[STORED DATA]:
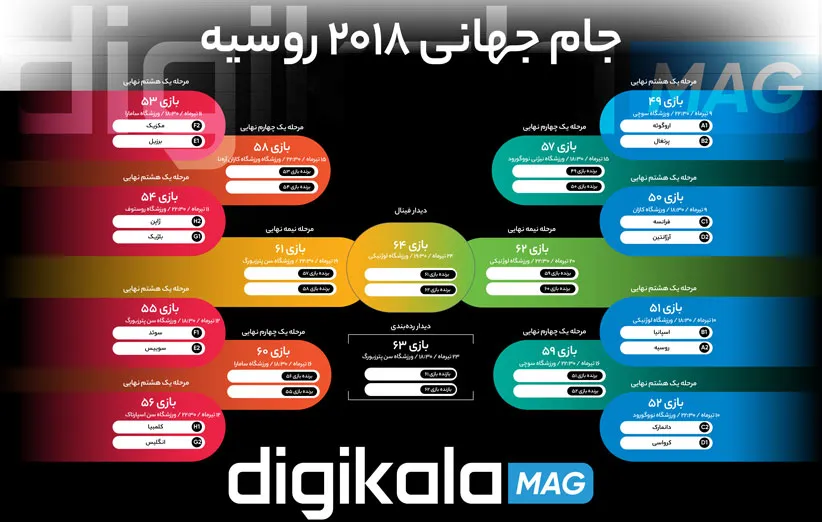برنامه مرحله یک هشتم نهایی جام جهانی 2018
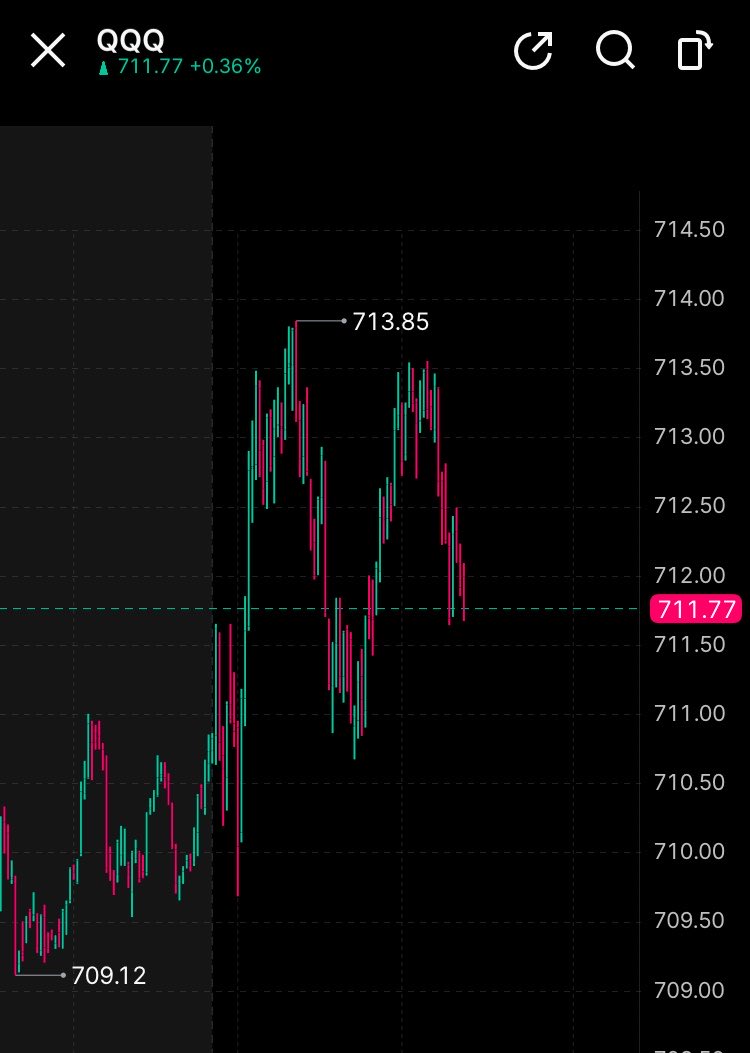 m6tr9x's tweet photo. $qqq w on high time frame turned to an M on small ( maybe time to exit if big position or hedge with puts but since lottos we sit back unfazed ) https://t.co/ptAZGLMR2G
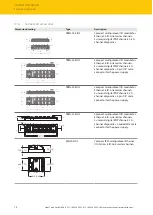 Предварительный просмотр 12 страницы turck 6901041 Instructions For Use Manual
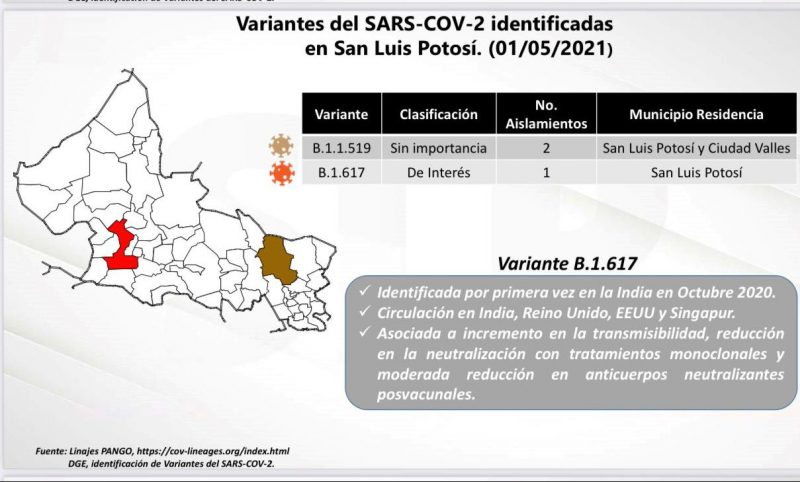 VARIANTE-INDIA-SLP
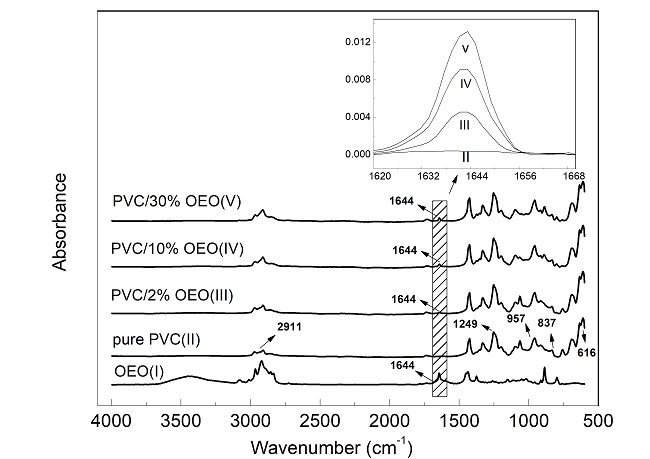  FTIR spectra of the orange essential oil (OEO), pure poly(vinyl chloride) film (PVC) and poly(vinyl chloride) films additivated with 2, 10 and 30% of w/w of orange essential oil (PVC/2%OEO, PVC/10%OEO and PVC/30%OEO, respectively).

[WHAT THE EXERCISE ASKS]: Your copy of the data above should match it exactly, apart from the images.

[EXERCISE SOLUTION]:
برنامه مرحله یک هشتم نهایی جام جهانی 2018
 m6tr9x's tweet photo. $qqq w on high time frame turned to an M on small ( maybe time to exit if big position or hedge with puts but since lottos we sit back unfazed ) https://t.co/ptAZGLMR2G
 Предварительный просмотр 12 страницы turck 6901041 Instructions For Use Manual
 VARIANTE-INDIA-SLP
  FTIR spectra of the orange essential oil (OEO), pure poly(vinyl chloride) film (PVC) and poly(vinyl chloride) films additivated with 2, 10 and 30% of w/w of orange essential oil (PVC/2%OEO, PVC/10%OEO and PVC/30%OEO, respectively).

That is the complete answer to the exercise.